Il faut comprendre que cette union va permettre de créer une véritable puissance économique régionale. Avec plus de 300 milliards de dollars de PIB actuel, c’est une véritable locomotive de progrès qui est ainsi mise en branle. En termes de richesses naturelles, c’est une région où plus que le pétrole et le gaz dont foisonnent les sous-sols algérien et libyen, minerais en tous genre sont déjà en exploitation, mais cette région constitue dorénavant aussi une force en matière agricole.
Il reste que l’édification de l’avenir ne peut pas demeurer en reste avec les passifs.
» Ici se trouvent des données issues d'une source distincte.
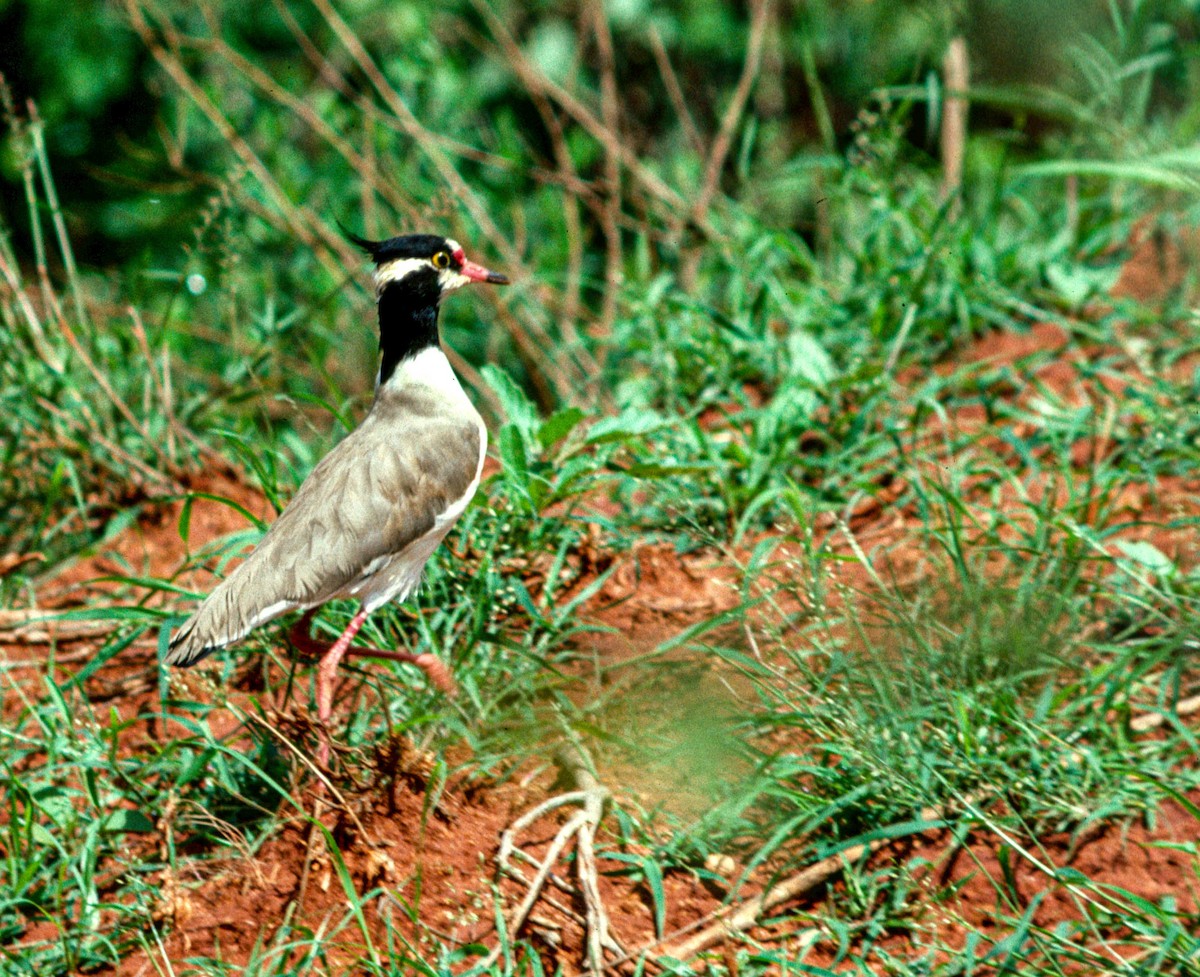 Black-headed Lapwing - ML644203740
Une commission supra nationale extraordinaire, avec une durée limitée, a été également mise en place pour régler l’ensemble des contentieux en suspens entre les Etats maghrébins. Des questions dramatiques où sont mises en relief des affaires de spoliations de biens, d’expulsions, de déni de justice. Cette commission recevra directement les doléances des personnes concernées et agira dans le cadre d’une juridiction à mettre en place, la juridiction maghrébine sous l’égide directe des chefs d’Etat et des instances judiciaires suprêmes des Etats. Il est vrai que la jeune histoire des indépendances a donné lieu à des errements qui, s’ils ne sont pas rattrapés, empêcheront toute évolution sereine d’un avenir rempli certes d’espoir et toujours rêvé par les générations qui se succèdent.